His next lightbulb moment came not long after completing the TA when he attended a rugby game which happened to coincide with Mental Health Awareness Week. “With New Zealand having such a high rate of suicide and there also being a disproportionate suicide rate in farming, it hit a nerve for me,” says Grimmy. “While the issue is often spoken about in whispers, the announcer at the game asked for everyone in attendance to make as much noise as possible for two minutes as a way of bringing it out in the open. It was a spine chilling moment. I soon decided the Kopiko Aotearoa trail from the East Cape across to Cape Egmont, a distance of 1,060km, would be the perfect way to help raise money for mental health.”
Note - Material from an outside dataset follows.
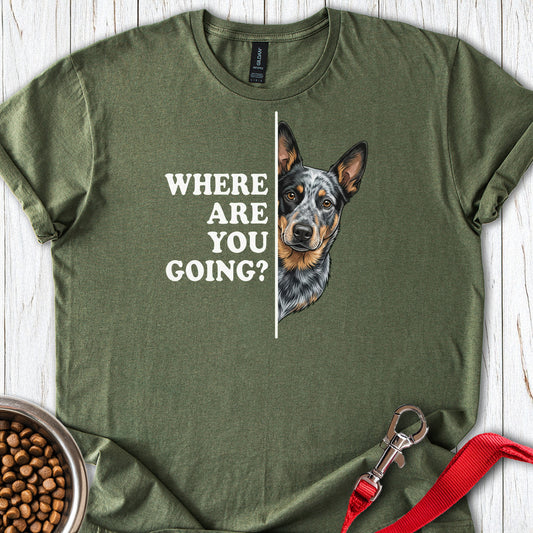 Blue Heeler Following Military Green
Once again, his local farming community in Morrinsville came to the party contributing the bulk of the $20,000 raised. So Grimmy decided to depart and finish in Morrinsville, adding another 900km to the ride. Sixty people turned up with bikes to officially start the ride out of town with him, a couple even making it as far as Rotorua before allowing him complete the rest of the 19-day ride solo.

In between fundraising, Grimmy is often back on the bike just for fun and the sense of satisfaction he gets from challenges like riding from his farm gate at Morrinsville all the way to his holiday home in Whitianga and, more recently, completing 12 ascents of Centennial Drive non-stop. If you ask him why, he’ll simply reply, “Why not? It’s all in a good day’s work.”

Pictured: Part-time Whitianga resident, Grimmy Martin, raised more than $60,000 for charity cycling the Tour Aotearoa and Kopiko Aotearoa trails.